## Directions for this task
Your task is to reproduce exactly the lines from the one containing "A television and/or" through the last line below, both ends included, and nothing else, with no pictures.
========================================
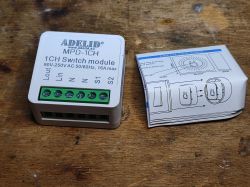 Adelid MPD-1CH switch module with wiring diagram insert on a wooden surface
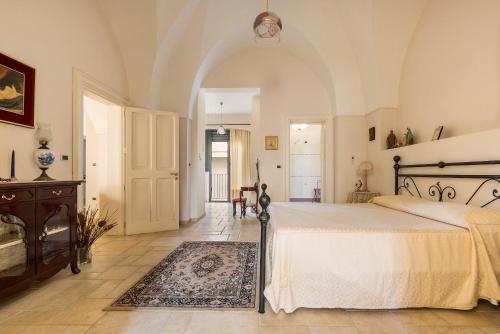 a large bedroom with a bed and a rug at Dimora Maria Luisa by BarbarHouse in Merine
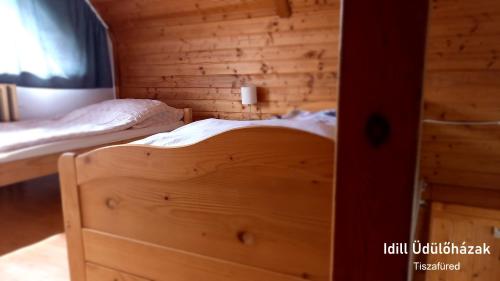 a bedroom with two beds in a wooden cabin at Idill Üdülőház in Tiszafüred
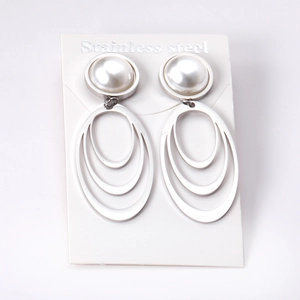 Close-up of gold-plated stainless steel earrings with white pearl and oval hoops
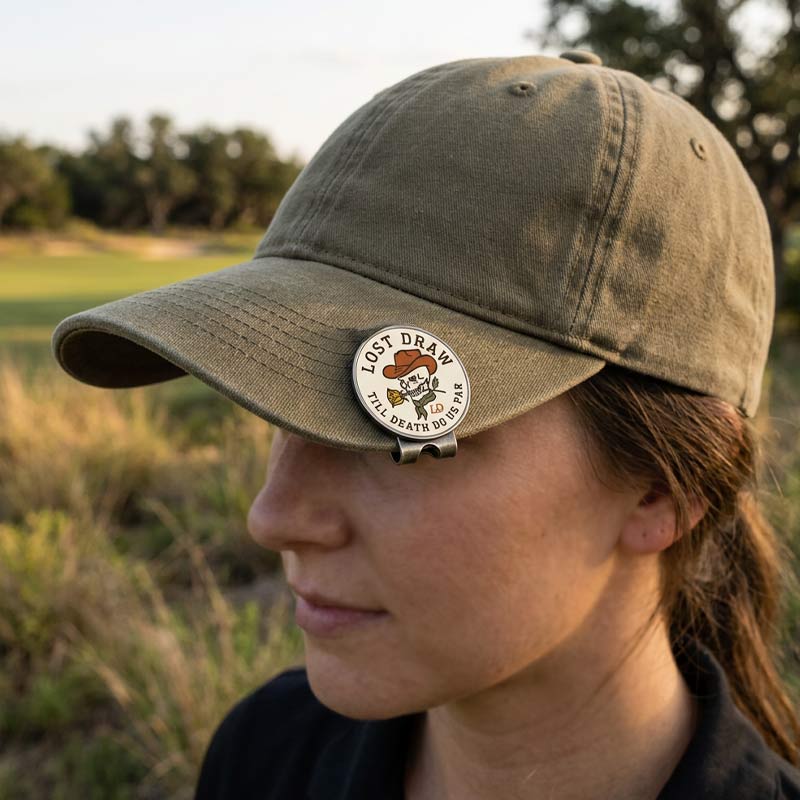A person outdoors wearing an olive green baseball cap with a round metal pin on the brim that reads &
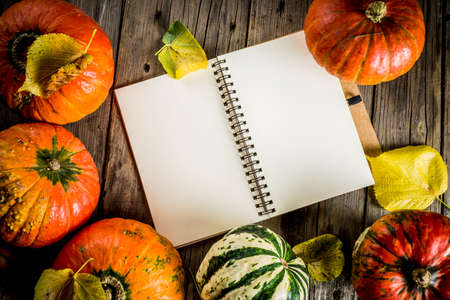 Autumn harvest concept, pumpkins background with yellow leaves, old rustic wooden table copy spaceの写真素材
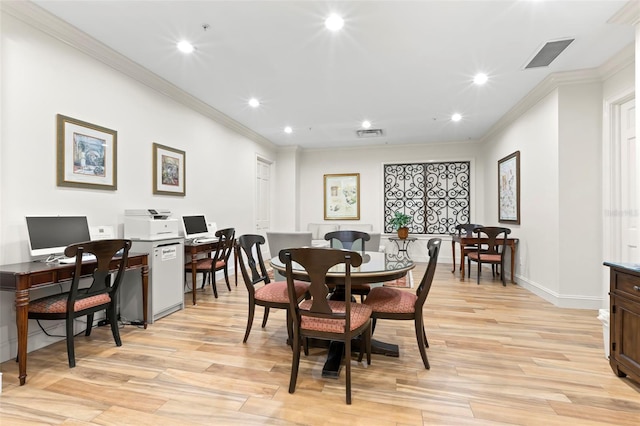 dining space with light hardwood / wood-style floors and ornamental molding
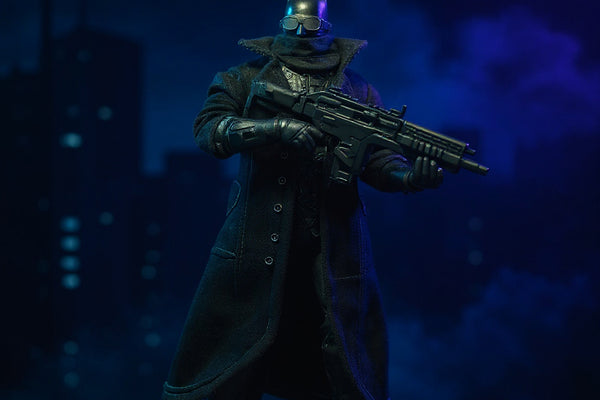 Matte black textured fabric trench coat with bendable wire edges draped on a dark-armored Batman-style action figure on a rooftop diorama with gothic cityscape and dramatic spotlighting.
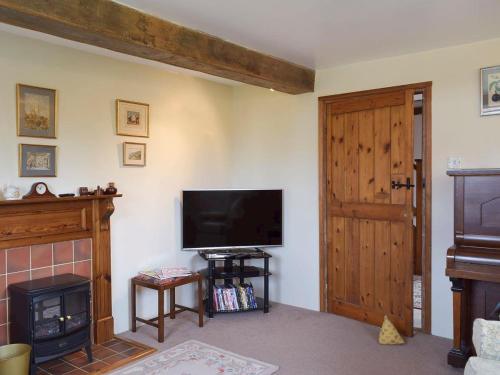 A television and/or entertainment center at Cardinal Cottage 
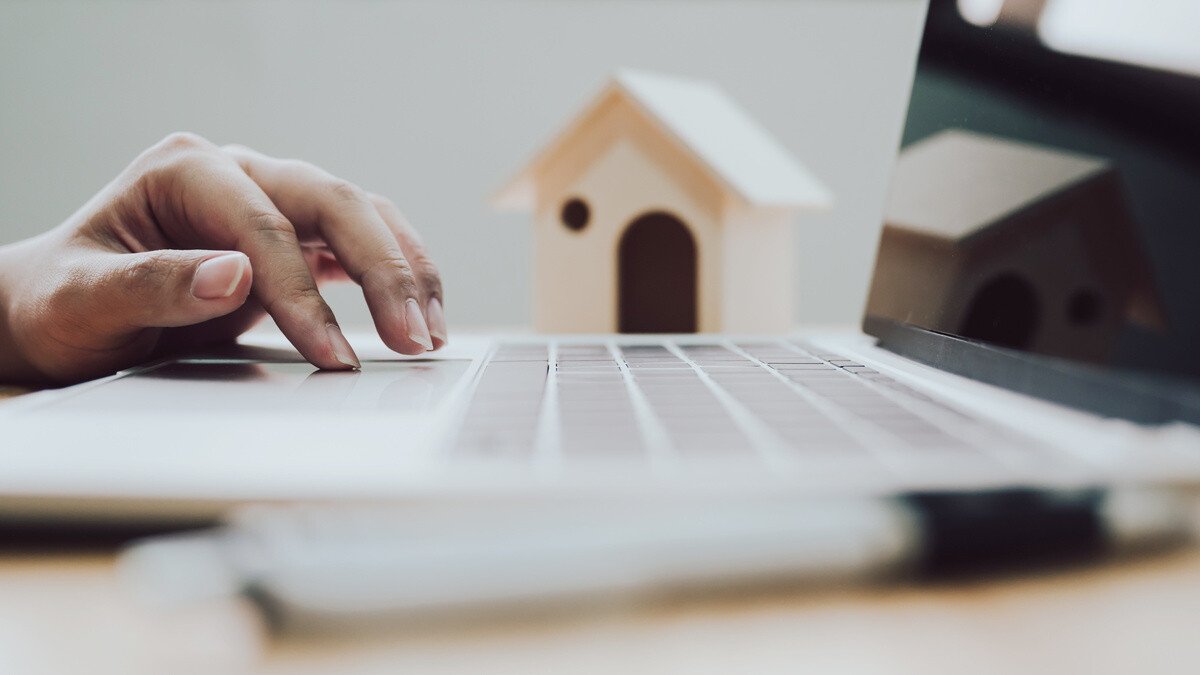 Kapitalanlage Pflegeimmobilien - Büro Laptoptastatur mit Modellhaus im Hintergrund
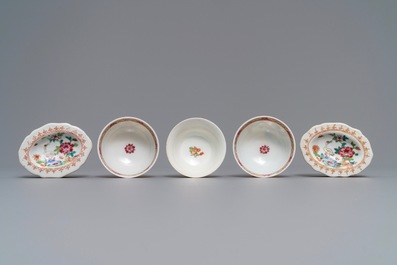 Three Chinese famille rose cups and saucers and a pair of salts, Qianlong and later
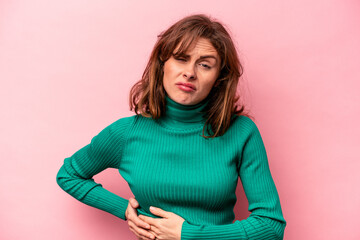 Fototapeta premium Young caucasian woman isolated on pink background having a liver pain, stomach ache.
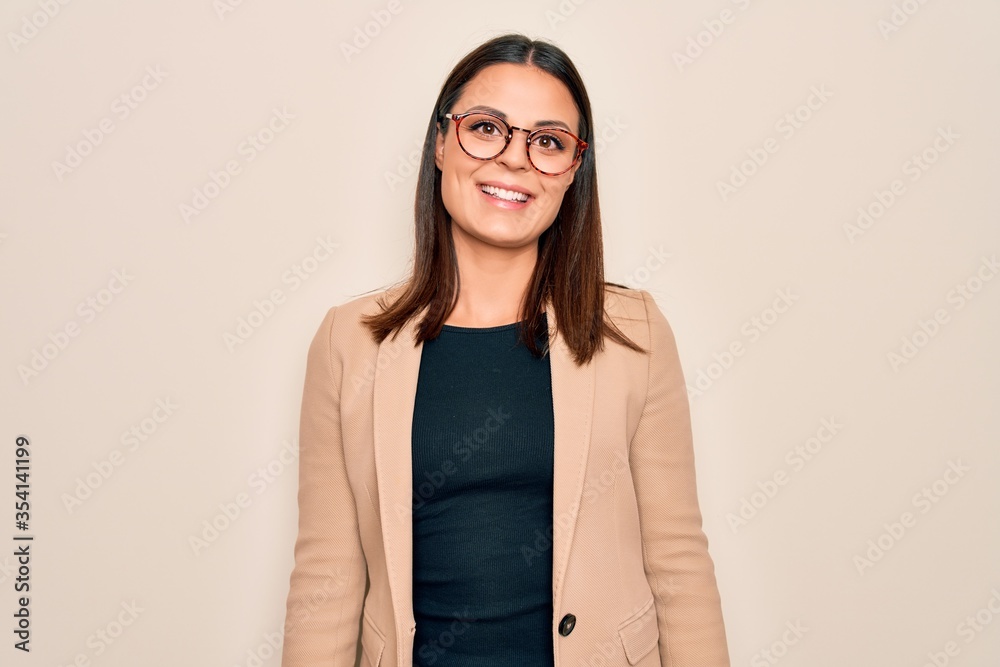 Young beautiful brunette businesswoman wearing jacket and glasses over white background with a happy and cool smile on face. Lucky person.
========================================
## Response to this exercise
 A television and/or entertainment center at Cardinal Cottage 
 Kapitalanlage Pflegeimmobilien - Büro Laptoptastatur mit Modellhaus im Hintergrund
 Three Chinese famille rose cups and saucers and a pair of salts, Qianlong and later
 Fototapeta premium Young caucasian woman isolated on pink background having a liver pain, stomach ache.
 Young beautiful brunette businesswoman wearing jacket and glasses over white background with a happy and cool smile on face. Lucky person.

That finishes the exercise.